Vemos en nuestros hijos la peligrosa noción de que todo lo que los rodea es antiguo, ajeno, absurdo. Incluso los personajes y temas más recientes, para ellos son antiguos: Jorge Luis Borges, Carlos Monzón, la Guerra de Malvinas, Perón, el juego de las esquinitas, Alberto Olmedo, Tarzán, los Beatles, la leche chocolatada. Todo es muy antiguo, tanto es así que nos miran incrédulos. No pueden creer que estemos hablando de un debate sobre la enseñanza laica y la enseñanza libre, un increíble, absurdo y vetusto dilema que se estableció hace siglos... en 1959. ¿Para qué hablar, entonces, de los Espartanos, del Teorema de Euclides, de Charles Darwin, de la doma del potro criollo, de los mayas, incas y aztecas, de Molière, de Pitágoras o de Shakespeare? ¡Son incurablemente antiguos, ni siquiera puede asegurarse que hayan existido!

Nuestros hijos han llegado a la conclusión de que todo es "obvio". Los valores y los instintos, las crueles verdades, el amor y el odio, los sentimientos, los recuerdos, las mentiras piadosas. Obvio. Normal. Lógico. ¿Qué cazzo será tan obvio, que nosotros no acertamos a verlo? En la sociedad del conocimiento, de la cual nosotros estamos excluidos por edad, nuestros hijos han preferido no-conocer. El mundo real, para sus mentes jóvenes, se limita al funk, el punk, el hip-hop, el chat, el honky-tonk, el spam, el gym, el step, el bullying, el pogo, el Google y el Facebook.

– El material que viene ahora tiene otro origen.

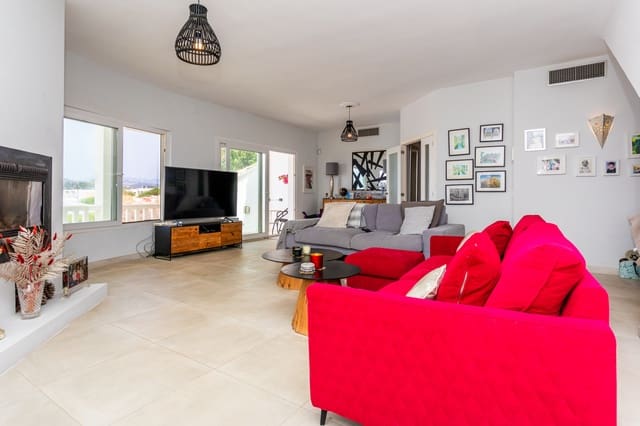 5 soverom Villa til salgs i El Chaparral, Mijas med svømmebasseng garasje - € 1 450 000 (Ref: 9172681)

Las revistas, la televisión y los psicólogos de pacotilla les han enseñado una serie de nociones que usan a manera de garrocha, para saltar sobre los padres. Por ejemplo: "Yo no te pedí nacer"; "Algo habrás hecho para que yo salga así"; "No toques mi habitación, está desordenada pero el desorden es mi orden"; "Dentro de mi cuarto yo puedo dormir con mi novio y fumar marihuana, en uso de mi libertad". Eventualmente: "Sólo estoy abriendo la heladera para servirme una miserable pata de pollo y un botellón de Coca-Cola... ¿Tanto te importa el dinero?". Si osamos cuestionar sus sagrados fueros, seremos acusados de "fachos", "represores" y en última instancia de viejitos, candidatos a una inminente internación en el geriátrico.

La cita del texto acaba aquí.